Society can wait for this crisis to "mature" before considering how to combat it—its normal mode of operation—or it can take considered action now, as the seeds of crisis are being sown. This could take the form of "sewering up"—and the consequent loss of business opportunity for the decentralized industry. Or we could maintain the viability of decentralized systems by treating all forms of wastewater management as a community function—including running on-lot management much more similarly to how a municipal system is run. There, maintenance is not left to the whims of the individual users or to contractors beholden only to the individual users. Someone who is accountable to the community is charged with this responsibility. A major organizing principle for all management systems must be a chain of accountability to the entire community.

The most basic requirement for society to grasp this principle is understanding that on-lot systems (or any system not community owned) are not just odd pieces of regulated private property; rather, they are collectively an integral part of societal infrastructure, necessary components of our societal efforts to maintain the integrity of our watersheds. As the on-lot system has transformed and proliferated from a method of addressing wastewater in very low density rural housing using only simple, passive systems to a method used in essentially urban settings, often entailing more complex systems, this intellectual leap has not been made. The major barrier to effective management systems is this "dichotomy view" that sequesters on-site or other small-scale systems into an entirely separate category from "wastewater systems."
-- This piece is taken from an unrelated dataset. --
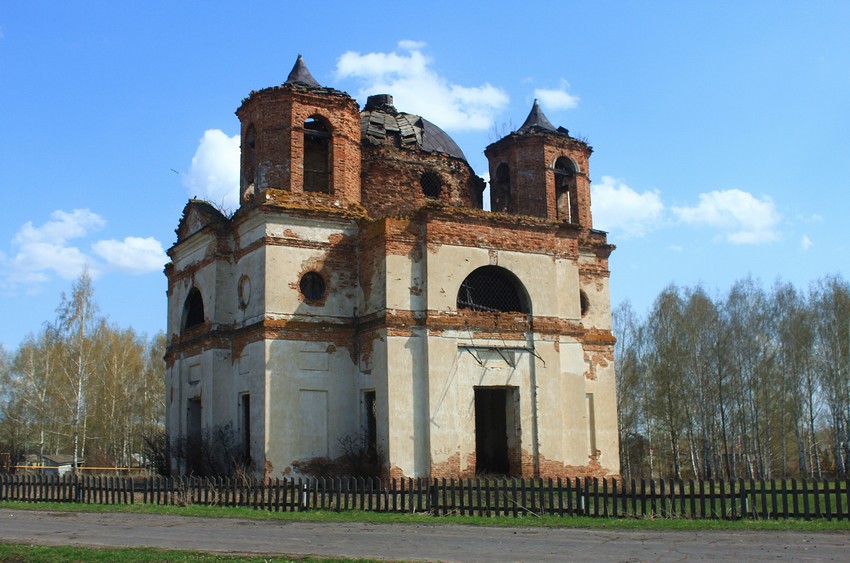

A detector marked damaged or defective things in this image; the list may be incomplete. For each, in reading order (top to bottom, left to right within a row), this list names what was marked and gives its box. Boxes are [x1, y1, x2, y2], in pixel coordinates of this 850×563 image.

damaged dome roof [358, 94, 464, 161]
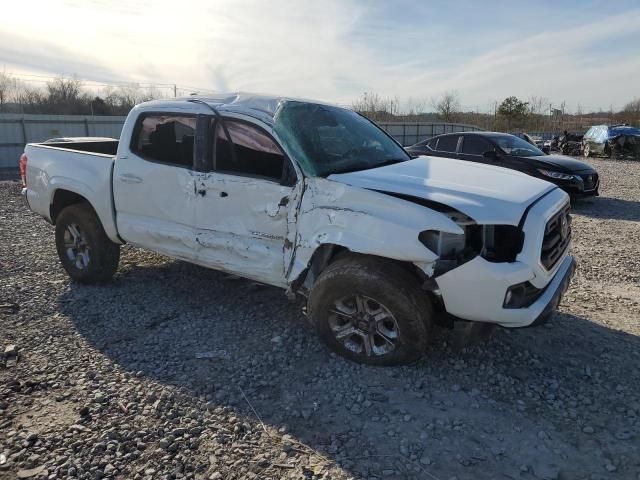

Once we recognize the need for organized management, we are back to the basic question—whom can we trust to faithfully execute it? Where are the proper links in the chain of accountability? There is presently an active debate over whether the sort of public health agencies in which on-lot system regulation is typically vested is the proper place for this function to reside. As in the case of my colleague's agency, their style is antithetical to engaging in active management. To do so, in any case, these agencies would require a quantum leap in the resources available to them. Given that those agencies don't appear very motivated to take on this task, is that the right place to focus those resources?

An emerging idea is that wastewater management should be addressed within a "watershed approach" by an agent with the ability to organize and run systems at the watershed level. One effort to proliferate this idea is a workshop being prepared for the 2006 WEFTEC, focusing on how to integrate centralized and decentralized strategies into a watershed-wide management system. Such efforts are needed to explore and answer some basic questions. Who would those watershed-wide agents be? How would they be created, or how would existing agents be transformed—and empowered—to take on this responsibility?

I urge you all to join in that discussion. Deriving and implementing effective management organizations is a major key to the proliferation of decentralized wastewater systems. And that, in turn, is a key to enhancing and expanding the economic opportunities for the people who are the audience of this magazine. Indeed, we must answer the central question about management: Whom can we trust?